Carrie Chesnik, Oneida Nation Wisconsin, Founder of the Treaty Land Trust: “We have an opportunity here to shut down the Line 5 pipeline, and protect what we all hold dear. We all have the responsibility and agency to act in a good way, to care for the land and waters. What our communities have known for a long time is that the water is hurting, Mother Earth is hurting, and pretty soon we won’t have clean water for our kids, for future generations. As a Haudenosunee woman, an auntie, daughter, and sister, I have an inherent responsibility to the water and our children. Every single one of us has agency and a responsibility to take action, honor the treaties, and protect Mother Earth. It is the time to be brave and courageous.”
Gaagigeyaashiik – Dawn Goodwin, Gaawaabaabiganigaag, White Earth-Ojibwe, Co-founder of R.I.S.E. Coalition, Representative of Indigenous Environmental Network: “As a member of the Wolf Clan I have an inherent responsibility to protect the environment and the people. I want us to imagine a world where we are working as one team as we should be working together. The government has failed to protect the water in the past, yet there is an opportunity now to protect the water before irreparable damage occurs. Our treaties are being ignored and yet, treaties are the SUPREME LAW of the land. It is time to honor and respect the treaties as the supreme law of the land, as they were written and intended, and to listen to Tribes and Indigenous leaders calling for an immediate shut down to the Line 5 pipeline. We are the women of the Indigenous Women’s Treaty Alliance calling upon you to rise and to protect all that is sacred – shut down Line 5!”

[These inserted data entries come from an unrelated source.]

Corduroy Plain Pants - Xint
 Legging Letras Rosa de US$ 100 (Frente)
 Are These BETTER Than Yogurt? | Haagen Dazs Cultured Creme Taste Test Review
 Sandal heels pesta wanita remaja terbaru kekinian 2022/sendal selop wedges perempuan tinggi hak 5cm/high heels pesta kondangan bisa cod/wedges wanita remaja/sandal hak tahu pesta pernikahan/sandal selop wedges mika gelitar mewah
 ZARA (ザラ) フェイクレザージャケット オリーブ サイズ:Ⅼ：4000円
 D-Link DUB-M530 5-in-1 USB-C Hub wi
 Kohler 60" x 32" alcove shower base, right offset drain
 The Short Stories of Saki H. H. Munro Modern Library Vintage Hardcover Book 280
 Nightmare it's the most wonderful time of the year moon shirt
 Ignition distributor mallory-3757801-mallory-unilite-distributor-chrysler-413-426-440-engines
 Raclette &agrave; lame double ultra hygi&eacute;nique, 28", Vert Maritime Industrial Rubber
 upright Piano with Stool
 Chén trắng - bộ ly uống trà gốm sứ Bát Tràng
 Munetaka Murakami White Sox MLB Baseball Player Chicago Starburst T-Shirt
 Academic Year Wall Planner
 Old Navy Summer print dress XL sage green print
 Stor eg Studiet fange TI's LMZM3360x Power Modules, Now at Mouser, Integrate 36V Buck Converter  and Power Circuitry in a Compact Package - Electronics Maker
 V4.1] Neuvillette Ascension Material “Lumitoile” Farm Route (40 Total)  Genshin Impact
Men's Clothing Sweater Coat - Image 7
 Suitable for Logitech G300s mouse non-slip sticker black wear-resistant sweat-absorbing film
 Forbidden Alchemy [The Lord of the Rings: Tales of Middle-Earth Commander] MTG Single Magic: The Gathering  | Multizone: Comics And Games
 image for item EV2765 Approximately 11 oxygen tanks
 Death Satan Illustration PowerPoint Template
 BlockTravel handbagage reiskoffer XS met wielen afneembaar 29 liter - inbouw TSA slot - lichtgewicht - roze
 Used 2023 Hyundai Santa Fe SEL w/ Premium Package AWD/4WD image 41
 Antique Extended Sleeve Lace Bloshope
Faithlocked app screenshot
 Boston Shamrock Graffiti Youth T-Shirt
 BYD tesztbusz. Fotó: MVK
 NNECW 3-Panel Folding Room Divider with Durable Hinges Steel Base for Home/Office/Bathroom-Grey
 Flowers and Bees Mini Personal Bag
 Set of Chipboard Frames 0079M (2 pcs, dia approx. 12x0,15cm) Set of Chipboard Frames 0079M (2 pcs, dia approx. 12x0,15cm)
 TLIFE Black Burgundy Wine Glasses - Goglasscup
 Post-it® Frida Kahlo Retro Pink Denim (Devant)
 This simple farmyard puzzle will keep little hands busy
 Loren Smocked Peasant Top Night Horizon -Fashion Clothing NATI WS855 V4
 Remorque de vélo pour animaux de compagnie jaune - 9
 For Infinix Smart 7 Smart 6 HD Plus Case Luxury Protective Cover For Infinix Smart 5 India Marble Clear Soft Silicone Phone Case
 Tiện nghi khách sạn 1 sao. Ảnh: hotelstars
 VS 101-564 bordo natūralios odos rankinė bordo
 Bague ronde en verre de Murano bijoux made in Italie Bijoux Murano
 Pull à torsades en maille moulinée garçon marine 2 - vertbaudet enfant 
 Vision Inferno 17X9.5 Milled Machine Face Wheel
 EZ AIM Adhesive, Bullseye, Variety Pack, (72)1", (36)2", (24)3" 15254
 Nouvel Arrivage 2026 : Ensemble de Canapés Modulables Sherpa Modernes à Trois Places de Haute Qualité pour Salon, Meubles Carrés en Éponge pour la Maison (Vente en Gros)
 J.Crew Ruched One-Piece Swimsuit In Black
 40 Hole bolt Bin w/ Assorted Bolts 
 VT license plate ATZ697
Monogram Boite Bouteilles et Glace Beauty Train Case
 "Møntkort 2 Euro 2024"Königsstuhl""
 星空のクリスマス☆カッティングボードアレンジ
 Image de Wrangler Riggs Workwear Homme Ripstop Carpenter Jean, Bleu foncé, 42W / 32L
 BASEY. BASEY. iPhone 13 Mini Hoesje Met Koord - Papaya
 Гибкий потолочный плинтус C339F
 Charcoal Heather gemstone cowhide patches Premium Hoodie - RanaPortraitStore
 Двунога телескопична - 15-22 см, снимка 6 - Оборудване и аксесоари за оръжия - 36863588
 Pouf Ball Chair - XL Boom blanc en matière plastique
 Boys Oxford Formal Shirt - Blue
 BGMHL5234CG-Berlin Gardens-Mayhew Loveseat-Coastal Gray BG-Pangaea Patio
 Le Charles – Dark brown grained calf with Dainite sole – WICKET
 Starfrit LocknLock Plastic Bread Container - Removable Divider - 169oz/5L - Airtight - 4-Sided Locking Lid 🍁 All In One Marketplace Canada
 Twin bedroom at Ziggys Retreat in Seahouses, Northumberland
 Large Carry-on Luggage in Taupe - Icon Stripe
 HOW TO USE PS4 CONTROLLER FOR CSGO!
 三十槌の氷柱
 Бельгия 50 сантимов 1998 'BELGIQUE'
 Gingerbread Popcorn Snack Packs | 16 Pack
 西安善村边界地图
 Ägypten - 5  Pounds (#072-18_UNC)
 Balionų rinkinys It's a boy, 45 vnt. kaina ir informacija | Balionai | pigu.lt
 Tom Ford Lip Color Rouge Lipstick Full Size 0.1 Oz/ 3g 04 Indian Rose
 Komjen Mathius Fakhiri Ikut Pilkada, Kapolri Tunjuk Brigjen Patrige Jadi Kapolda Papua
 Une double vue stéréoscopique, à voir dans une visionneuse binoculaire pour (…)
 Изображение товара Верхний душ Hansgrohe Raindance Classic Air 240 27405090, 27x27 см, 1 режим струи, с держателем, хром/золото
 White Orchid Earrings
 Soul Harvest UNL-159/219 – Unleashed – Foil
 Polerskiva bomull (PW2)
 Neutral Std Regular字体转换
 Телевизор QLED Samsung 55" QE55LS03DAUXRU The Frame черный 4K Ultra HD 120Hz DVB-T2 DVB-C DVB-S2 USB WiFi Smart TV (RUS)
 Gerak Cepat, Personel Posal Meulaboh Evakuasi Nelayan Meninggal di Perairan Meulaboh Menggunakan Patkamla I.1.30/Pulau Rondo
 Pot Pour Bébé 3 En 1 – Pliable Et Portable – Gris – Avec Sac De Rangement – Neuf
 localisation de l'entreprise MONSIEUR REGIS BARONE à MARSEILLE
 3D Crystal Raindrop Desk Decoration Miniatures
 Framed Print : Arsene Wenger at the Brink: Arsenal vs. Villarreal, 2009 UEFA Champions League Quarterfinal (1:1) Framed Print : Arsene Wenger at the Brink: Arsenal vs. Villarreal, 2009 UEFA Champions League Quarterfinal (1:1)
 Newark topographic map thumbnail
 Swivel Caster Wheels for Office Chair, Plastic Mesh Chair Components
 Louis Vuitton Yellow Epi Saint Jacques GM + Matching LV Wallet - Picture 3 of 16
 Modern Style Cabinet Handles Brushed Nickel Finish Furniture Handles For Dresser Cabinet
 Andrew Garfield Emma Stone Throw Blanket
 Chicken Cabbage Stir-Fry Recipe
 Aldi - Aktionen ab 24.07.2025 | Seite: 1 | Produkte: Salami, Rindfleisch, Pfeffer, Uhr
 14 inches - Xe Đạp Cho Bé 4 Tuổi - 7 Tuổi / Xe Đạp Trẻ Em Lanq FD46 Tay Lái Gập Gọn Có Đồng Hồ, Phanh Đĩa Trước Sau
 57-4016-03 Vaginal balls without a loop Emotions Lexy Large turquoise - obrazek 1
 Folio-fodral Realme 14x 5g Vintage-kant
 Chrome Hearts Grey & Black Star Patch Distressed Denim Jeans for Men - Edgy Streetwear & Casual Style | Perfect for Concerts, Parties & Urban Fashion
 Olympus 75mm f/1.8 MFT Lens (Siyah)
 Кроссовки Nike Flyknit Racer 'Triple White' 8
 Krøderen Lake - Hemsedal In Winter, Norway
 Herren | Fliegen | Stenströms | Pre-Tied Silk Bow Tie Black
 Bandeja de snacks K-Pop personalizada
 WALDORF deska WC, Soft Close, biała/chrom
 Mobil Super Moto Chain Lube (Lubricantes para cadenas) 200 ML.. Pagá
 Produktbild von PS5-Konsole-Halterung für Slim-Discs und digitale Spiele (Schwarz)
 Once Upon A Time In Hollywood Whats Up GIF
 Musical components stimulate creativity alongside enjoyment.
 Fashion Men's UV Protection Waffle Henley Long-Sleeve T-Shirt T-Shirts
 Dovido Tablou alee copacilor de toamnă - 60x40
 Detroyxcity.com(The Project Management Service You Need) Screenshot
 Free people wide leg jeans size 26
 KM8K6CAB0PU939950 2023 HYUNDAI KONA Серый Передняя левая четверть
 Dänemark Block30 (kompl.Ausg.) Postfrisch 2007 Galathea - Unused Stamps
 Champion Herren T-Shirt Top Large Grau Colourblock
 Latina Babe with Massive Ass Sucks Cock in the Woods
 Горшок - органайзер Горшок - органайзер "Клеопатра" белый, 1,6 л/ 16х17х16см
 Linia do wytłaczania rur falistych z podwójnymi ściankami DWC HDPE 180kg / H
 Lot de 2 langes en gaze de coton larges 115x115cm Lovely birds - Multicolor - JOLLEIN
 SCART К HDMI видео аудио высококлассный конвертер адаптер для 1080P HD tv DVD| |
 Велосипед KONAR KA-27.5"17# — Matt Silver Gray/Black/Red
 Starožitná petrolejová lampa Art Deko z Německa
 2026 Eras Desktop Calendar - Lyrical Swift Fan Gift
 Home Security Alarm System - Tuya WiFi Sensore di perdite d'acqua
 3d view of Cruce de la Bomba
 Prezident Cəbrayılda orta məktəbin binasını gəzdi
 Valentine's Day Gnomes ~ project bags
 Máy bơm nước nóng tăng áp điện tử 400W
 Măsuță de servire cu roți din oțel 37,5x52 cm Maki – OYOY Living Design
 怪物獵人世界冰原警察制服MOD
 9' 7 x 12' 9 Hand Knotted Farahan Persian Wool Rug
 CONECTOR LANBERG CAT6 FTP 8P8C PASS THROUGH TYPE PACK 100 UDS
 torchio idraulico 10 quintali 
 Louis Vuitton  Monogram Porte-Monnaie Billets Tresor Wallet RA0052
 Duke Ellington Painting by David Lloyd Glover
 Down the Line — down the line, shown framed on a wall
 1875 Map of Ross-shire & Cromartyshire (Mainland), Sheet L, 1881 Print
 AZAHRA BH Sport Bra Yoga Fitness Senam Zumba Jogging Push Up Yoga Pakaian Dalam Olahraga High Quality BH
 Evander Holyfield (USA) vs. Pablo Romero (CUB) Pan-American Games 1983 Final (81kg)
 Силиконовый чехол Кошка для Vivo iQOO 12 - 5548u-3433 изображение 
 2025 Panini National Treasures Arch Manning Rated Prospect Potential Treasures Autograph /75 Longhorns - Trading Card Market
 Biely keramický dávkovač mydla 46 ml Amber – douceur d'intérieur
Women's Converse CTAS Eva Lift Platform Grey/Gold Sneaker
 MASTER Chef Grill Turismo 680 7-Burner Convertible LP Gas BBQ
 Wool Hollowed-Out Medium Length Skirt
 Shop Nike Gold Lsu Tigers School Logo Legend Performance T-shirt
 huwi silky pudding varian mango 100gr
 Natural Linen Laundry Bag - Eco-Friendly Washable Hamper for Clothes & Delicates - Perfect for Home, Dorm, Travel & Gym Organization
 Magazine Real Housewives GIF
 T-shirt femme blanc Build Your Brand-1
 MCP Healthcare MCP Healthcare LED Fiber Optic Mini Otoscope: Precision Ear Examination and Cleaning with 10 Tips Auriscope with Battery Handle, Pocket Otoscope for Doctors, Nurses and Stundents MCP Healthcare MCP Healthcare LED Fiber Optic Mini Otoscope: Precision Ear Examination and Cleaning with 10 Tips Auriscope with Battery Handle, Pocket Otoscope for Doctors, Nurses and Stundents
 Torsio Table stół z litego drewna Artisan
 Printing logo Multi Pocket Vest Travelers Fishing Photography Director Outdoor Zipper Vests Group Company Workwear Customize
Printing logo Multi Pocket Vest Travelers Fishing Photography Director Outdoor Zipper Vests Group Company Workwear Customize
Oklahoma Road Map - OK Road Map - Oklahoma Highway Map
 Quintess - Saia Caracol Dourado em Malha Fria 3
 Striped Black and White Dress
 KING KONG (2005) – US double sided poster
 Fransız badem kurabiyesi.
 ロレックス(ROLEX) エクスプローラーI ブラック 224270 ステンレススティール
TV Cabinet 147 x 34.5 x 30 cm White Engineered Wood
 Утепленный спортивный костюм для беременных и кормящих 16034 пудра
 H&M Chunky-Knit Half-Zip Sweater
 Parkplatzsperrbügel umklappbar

Nookomis Debra Topping, Nagajiiwanong, 1854 Treaty Fond du Lac, Co-founder of R.I.S.E. Coalition: “Nibi (water) is sacred, Manoomin is sacred, that is our life blood, that is us, that is why we are here. We will not allow any further destruction to our sacred ecosystems and water. Everyday the threat increases, allowing Canadian Corporation Enbridge’s Line 5 to continue operating is genocide! We’ve followed every process, Tribes and the Governor of Michigan have called for a shut down of Line 5. The science is there, the evidence is there. Deny Enbridge any further allowance to destroy Mama Aki (Earth), and shut down Line 5.”
Since 2022, the Women’s Earth and Climate Action Network (WECAN) has been honored to facilitate the Indigenous Women’s Treaty Alliance. In response to the call for action, Osprey Orielle Lake, Executive Director of the Women’s Earth and Climate Action Network (WECAN) stated: “The Bad River Band continues to sound the alarm, and the Biden administration must listen and immediately shut down Line 5. The imminent danger of a rupture to Line 5 due to increased erosion on the Bad River threatens Indigenous Peoples existence and rights, biodiverse ecosystems, and the Great Lakes, which holds one-fifth of the world’s freshwater. The Administration has the necessary tools to cease operations, and must take action before it’s too late. The Great Lakes and local communities cannot be the next sacrifice zone.”